YOUR ASSIGNMENT:
Go to the line with "Artisanal bread and" in the entries below and write out every line from there through the line with "(6) UNCIRCULATED CONSECUTIVE 2 DOLLAR BILLS", exactly and without pictures.

DATASET CONTENT:
####

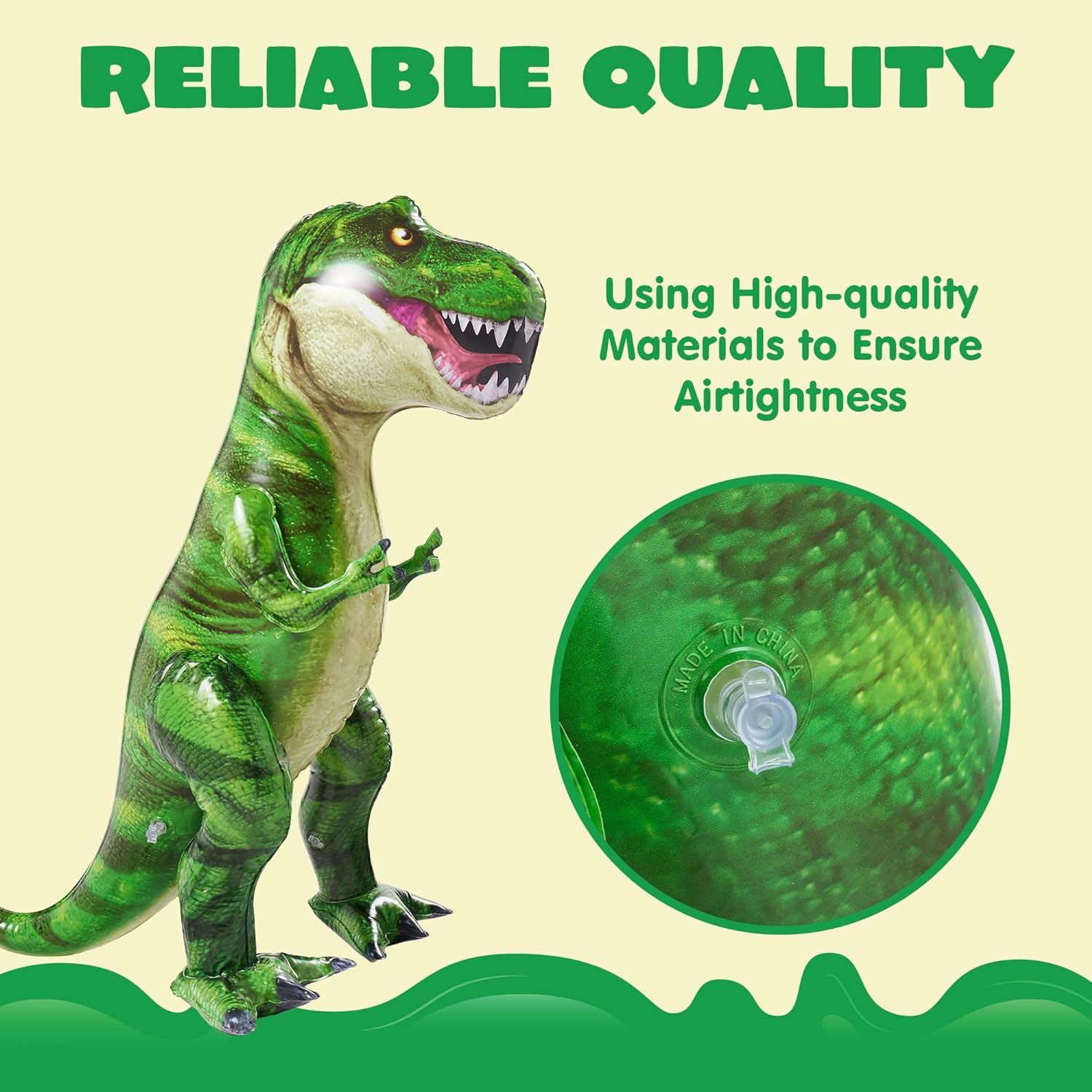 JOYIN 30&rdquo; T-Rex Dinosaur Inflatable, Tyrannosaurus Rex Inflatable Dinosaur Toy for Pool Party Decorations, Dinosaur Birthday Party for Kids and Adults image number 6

####

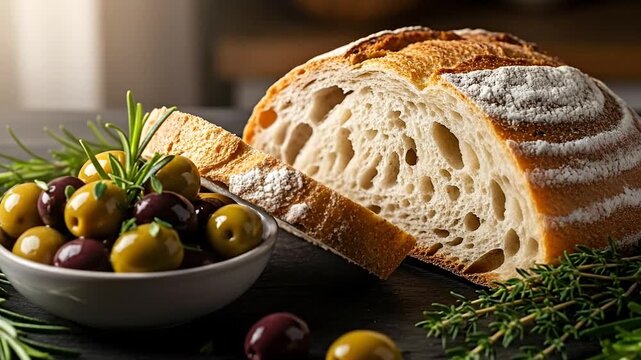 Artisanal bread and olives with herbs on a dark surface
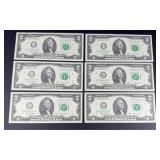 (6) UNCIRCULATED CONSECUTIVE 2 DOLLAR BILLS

####

ANSWER FOR THIS EXERCISE:
 Artisanal bread and olives with herbs on a dark surface
 (6) UNCIRCULATED CONSECUTIVE 2 DOLLAR BILLS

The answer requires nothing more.